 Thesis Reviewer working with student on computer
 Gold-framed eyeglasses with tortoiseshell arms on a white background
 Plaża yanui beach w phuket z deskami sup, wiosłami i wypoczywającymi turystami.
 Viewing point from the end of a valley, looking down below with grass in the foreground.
--
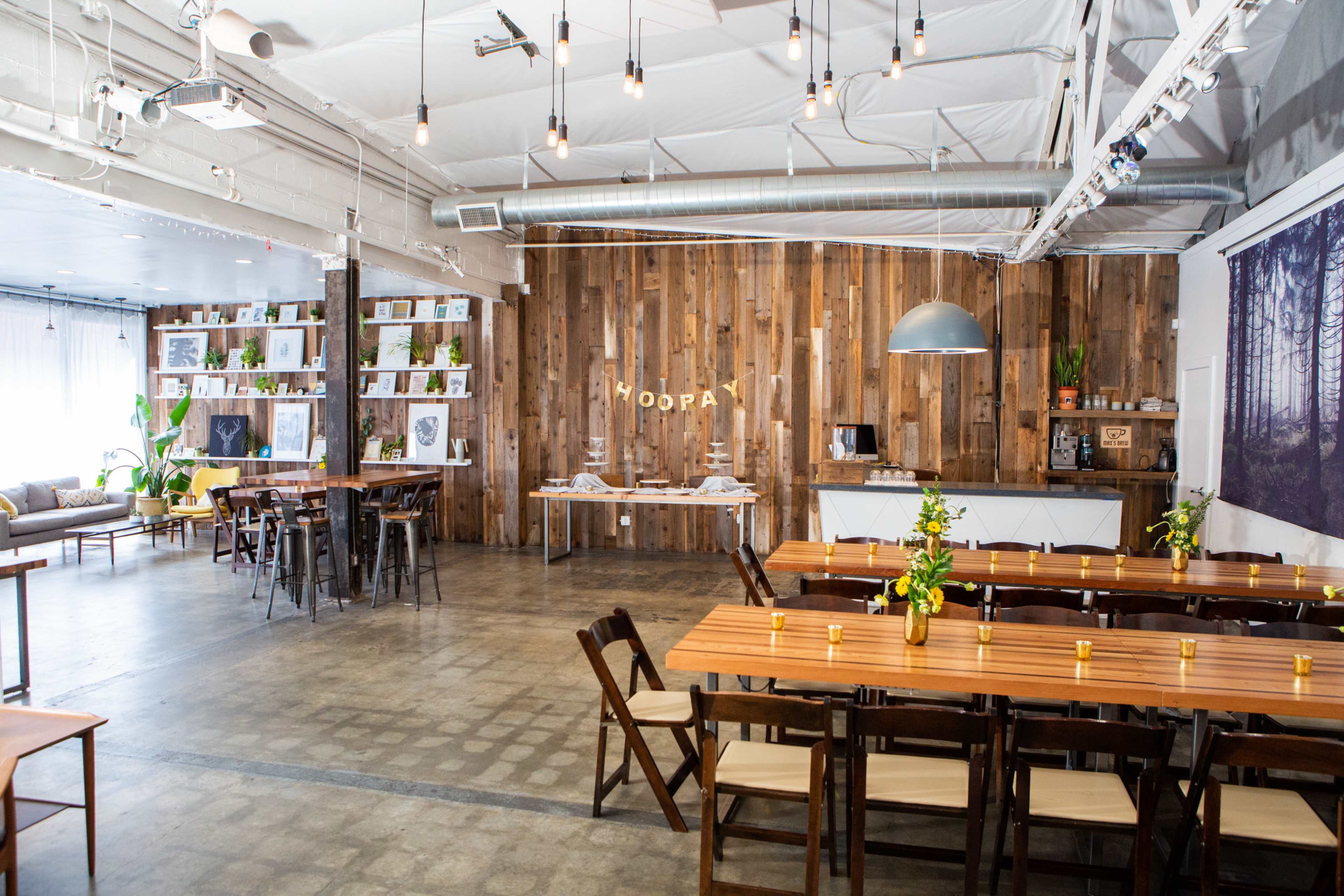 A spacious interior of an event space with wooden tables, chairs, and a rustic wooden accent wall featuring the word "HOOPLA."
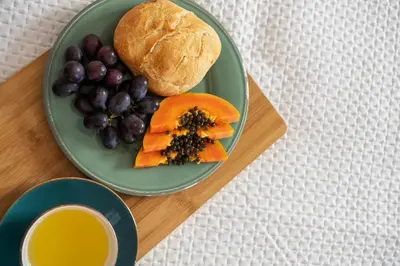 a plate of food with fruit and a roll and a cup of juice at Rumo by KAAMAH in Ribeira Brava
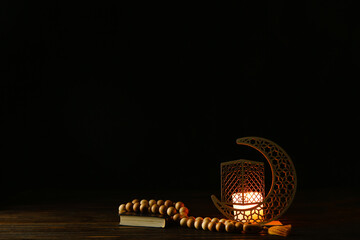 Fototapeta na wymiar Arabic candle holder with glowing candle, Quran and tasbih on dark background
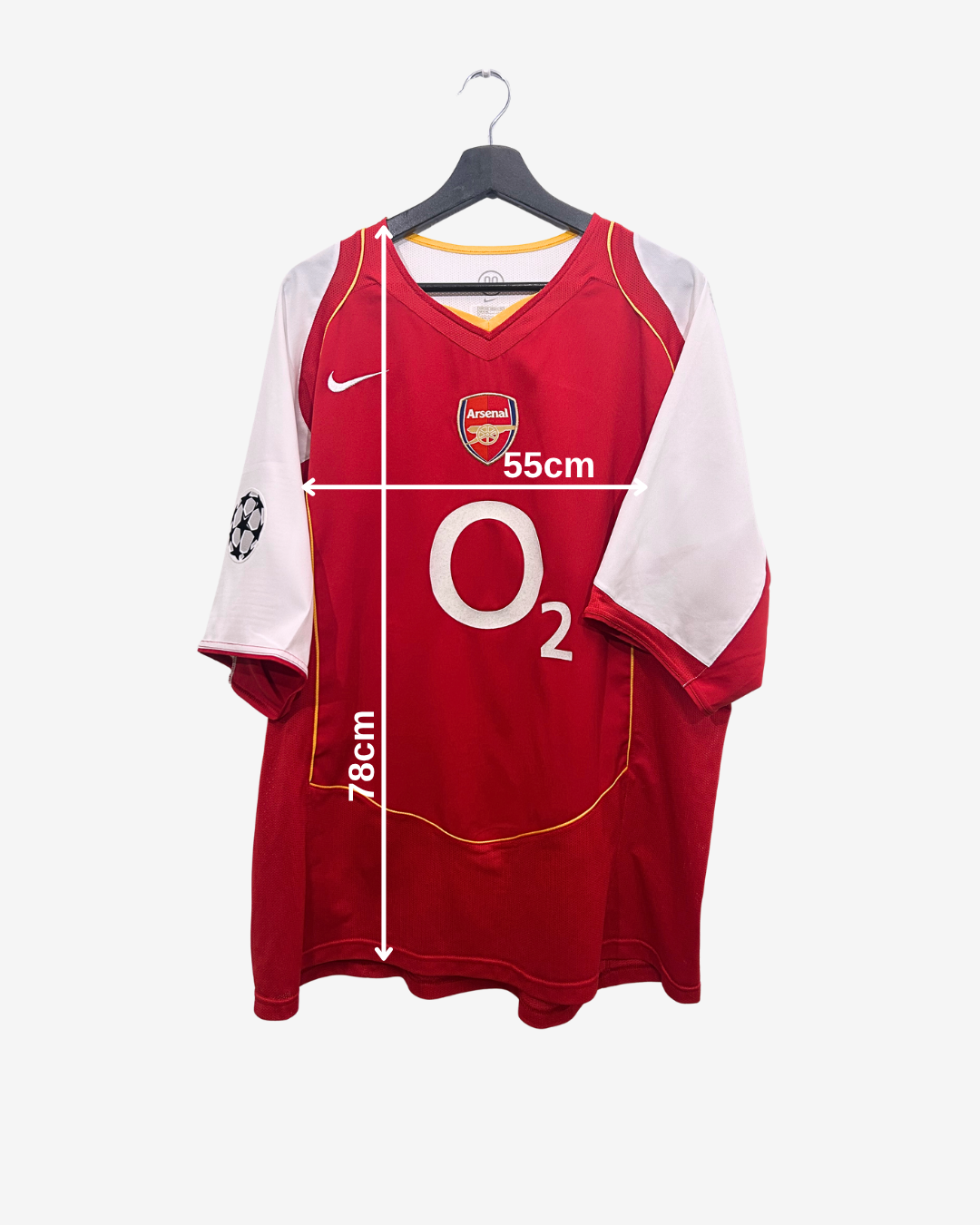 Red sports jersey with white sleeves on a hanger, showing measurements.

• _Exercise requirements_
Among the entries above, locate the lines containing "Plaża yanui beach" and "Viewing point from", and transcribe exactly those two lines and all lines between.

• _Result of this task_
 Plaża yanui beach w phuket z deskami sup, wiosłami i wypoczywającymi turystami.
 Viewing point from the end of a valley, looking down below with grass in the foreground.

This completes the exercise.